To prepare the data used in a given data product, the data pipeline goes through a series of data processing steps that extract the data from one place, do some transformations on the data, and/or load the data in some other place to be used by the next data processing step. This is what is referred to as ETL (Extract, Transform, Load). For example, a data pipeline may look like this.

data_pipeline.png

For each data processing step, you can configure a BB bot to watch for the successful execution of that step and to collect specific information related to the execution (bb bot metadata). Each bb bot reports its information to the hoot app. The hoot app maintains an association between bb bots and the hoots for the reports that use the output data produced by its associated data processing step, either directly or indirectly.

When a bb bot reports some issue with the data or with the execution of the data processing step, the hoot app forwards that information to the hoots that are associated with that bb bot. The hoot app automatically updates the hoot Badge to reflect the new information.

Can I connect multiple hoots to the same BB bot?

Yes!

In cases where the data produced by some data processing step is used by multiple reports, the hoot for each report can be connected to the bb bot related to that data processing step.
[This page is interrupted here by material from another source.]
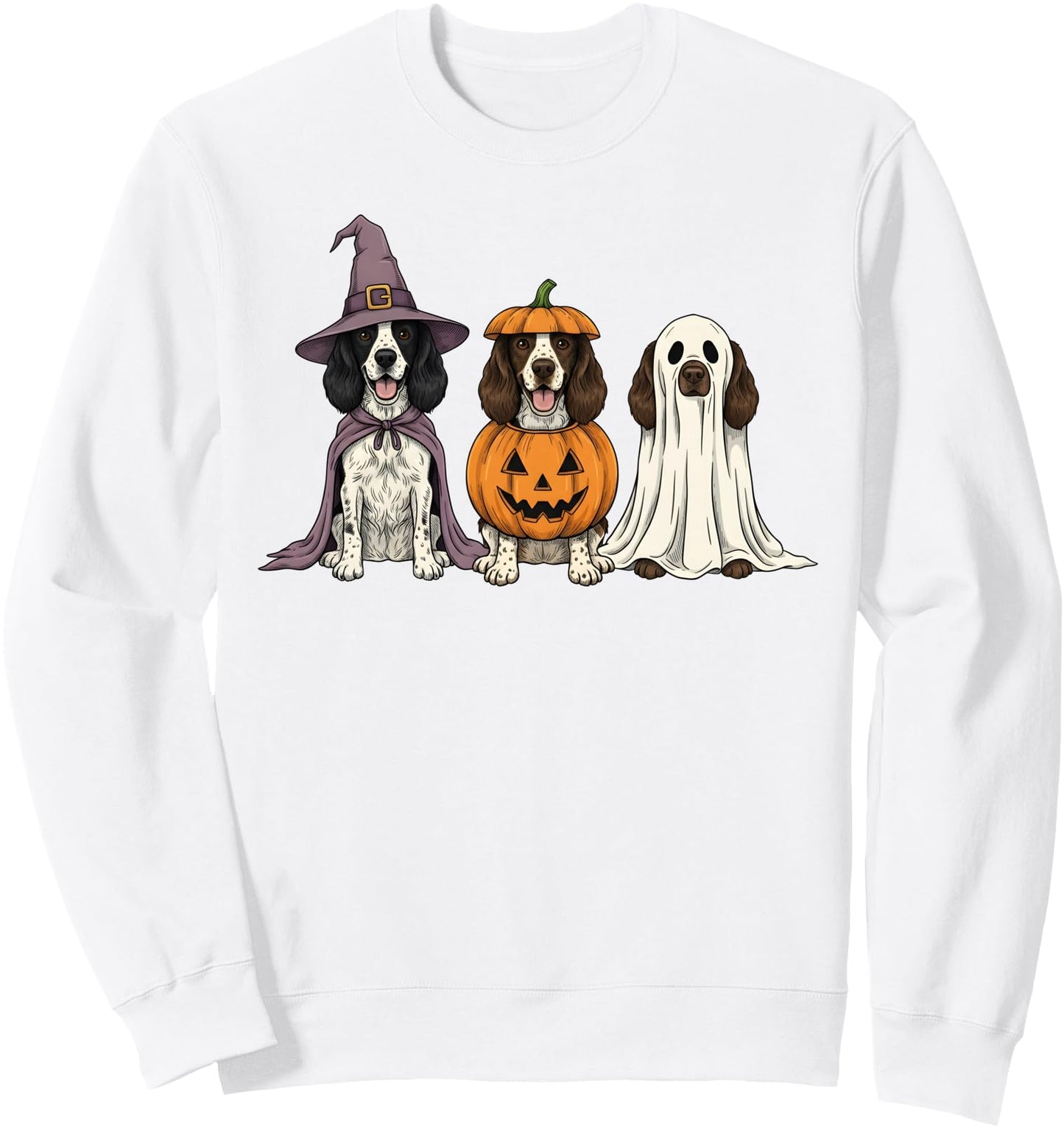 Spooky Ghost English Springer Spaniel Pumpkin Halloween Sweatshirt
When the BB bot indicates a concern with the data processing, all hoots will be informed of the situation.

For example, in the pipeline above, a BB bot associated with the Tableau extract will report any issues to the hoot associated with the Tableau report. If the analyst develops another dashboard that uses the same Tableau extract, then the hoot for the new dashboard can connect directly to the same Tableau extract BB bot.

How do I connect BB bots to reflect my data pipeline?
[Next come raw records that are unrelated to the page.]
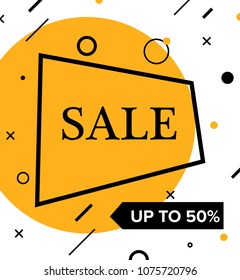 Sale banner template design. Vector illustration.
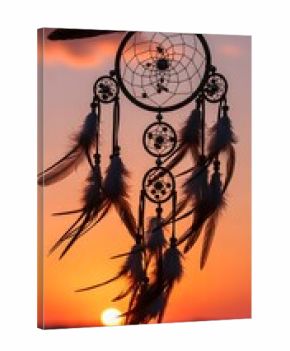 Dreamcatcher Silhouette Against a Vibrant Sunset Sky.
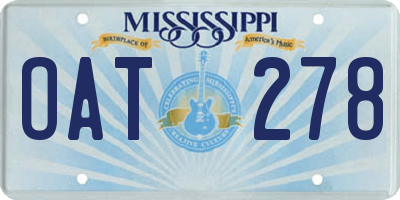 MS license plate OAT278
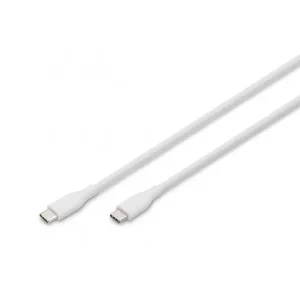 Кабель DIGITUS USB-C > USB-C заряджання/синхронізації, USB 2.0, 60W, силіконовий, 2м, білий (AK-300341-020-W) UA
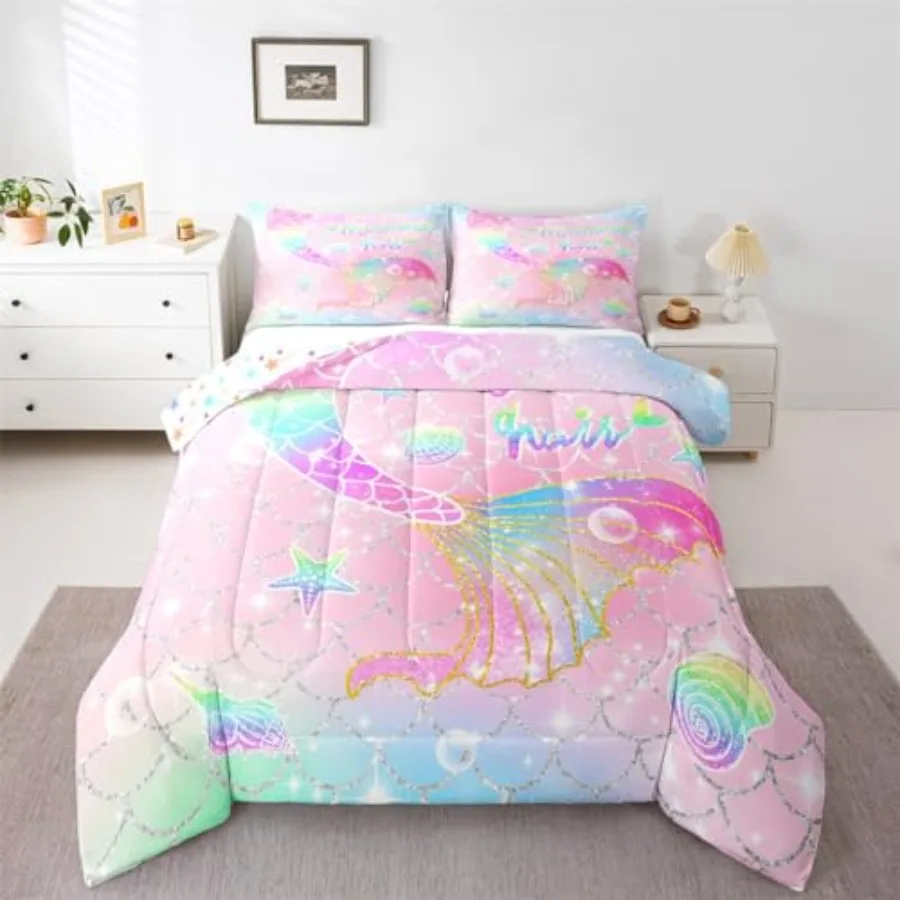 Comforter Set Size for Girls Rainbow Tail Printed Bedding Set Cute Reversible Stars Quilt Bed Set Sparkle Fish Scale Bedroom Gl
A data processing step extracts data either from direct inputs or from data loaded by another data processing step. When data processing step B extracts data loaded earlier by data processing step A, then you can reflect this relationship in the BB bots for the two steps. hoot allows you to specify this relationship by defining the BB bot for step B as being directly downstream from the BB bot for step A, or equivalently, defining the BB bot for step A as being directly upstream from the BB bot for step B.

For example, a BB bot associated with the Python script in the above pipeline would be directly upstream from a BB bot associated with the dbt processing step. A BB bot associated with the dbt processing step would be directly downstream from a BB bot associated with the Python script.

By defining the direct upstream-downstream relationships between BB bots, you can build a BB bot model that reflects the actual flow of data in your data pipeline.

How do BB bot upstream-downstream relationships help the hoot report more accurately?

The BB bot relationships help the hoot app understand the effects of reported issues more accurately, based on a better understanding of the pipeline timing and execution.

Consider our case above with data processing Step A upstream of data processing step B. When step B reads the output data from step A, this happens at a particular point in time T. Later, Step A may run again and refresh its output. Then, even later at the end of the pipeline, the final product incorporates the version of the data from time T into the final data product. When hoot displays the hoot Badge on the data product, what the hoot Badge shows should reflect the state of the step A BB bot at time T, rather than the state at the time the hoot Badge is being rendered. The upstream-downstream relationships between the BB bots, together with their historical states, enable hoot to take this timing issue into account.